◆ WORK ORDER
The line with "Cute Just Keep Swimming" marks the first line to copy, and the line with "Ep 433: The" marks the last. Transcribe that stretch of the data below exactly, without pictures.

◆ DATA TO EXAMINE
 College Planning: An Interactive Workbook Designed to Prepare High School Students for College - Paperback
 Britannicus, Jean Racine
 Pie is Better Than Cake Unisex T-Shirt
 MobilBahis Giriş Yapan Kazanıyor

---

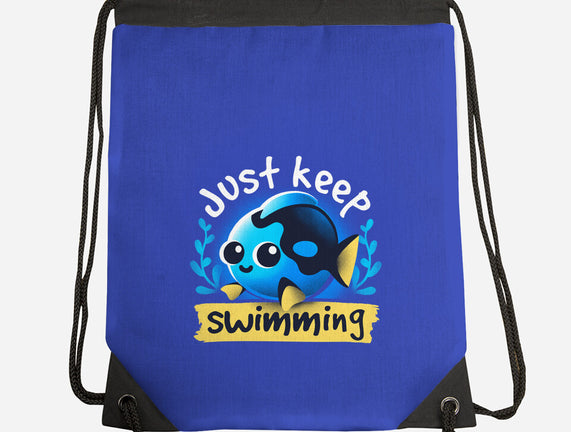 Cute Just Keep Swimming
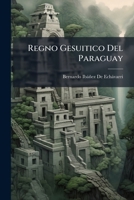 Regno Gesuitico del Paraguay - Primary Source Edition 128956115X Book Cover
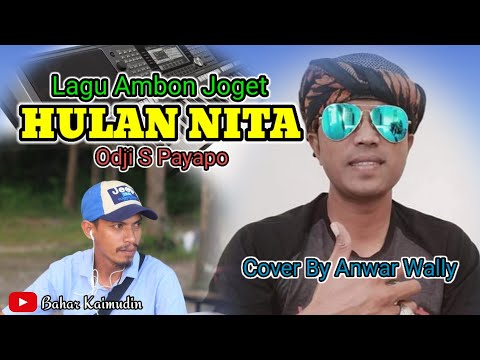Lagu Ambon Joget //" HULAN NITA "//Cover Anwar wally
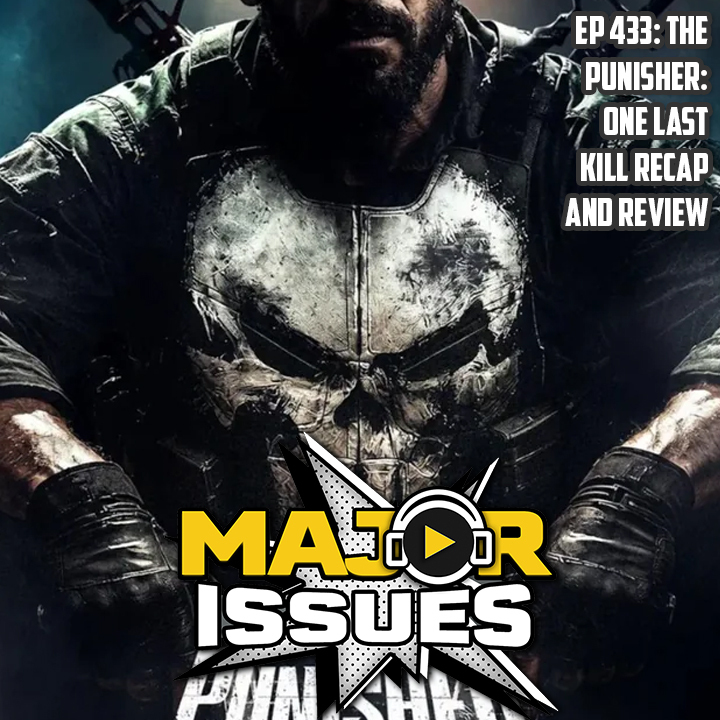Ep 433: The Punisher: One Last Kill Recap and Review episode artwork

◆ REPLY TO THE EXERCISE
 Cute Just Keep Swimming
 Regno Gesuitico del Paraguay - Primary Source Edition 128956115X Book Cover
Lagu Ambon Joget //" HULAN NITA "//Cover Anwar wally
Ep 433: The Punisher: One Last Kill Recap and Review episode artwork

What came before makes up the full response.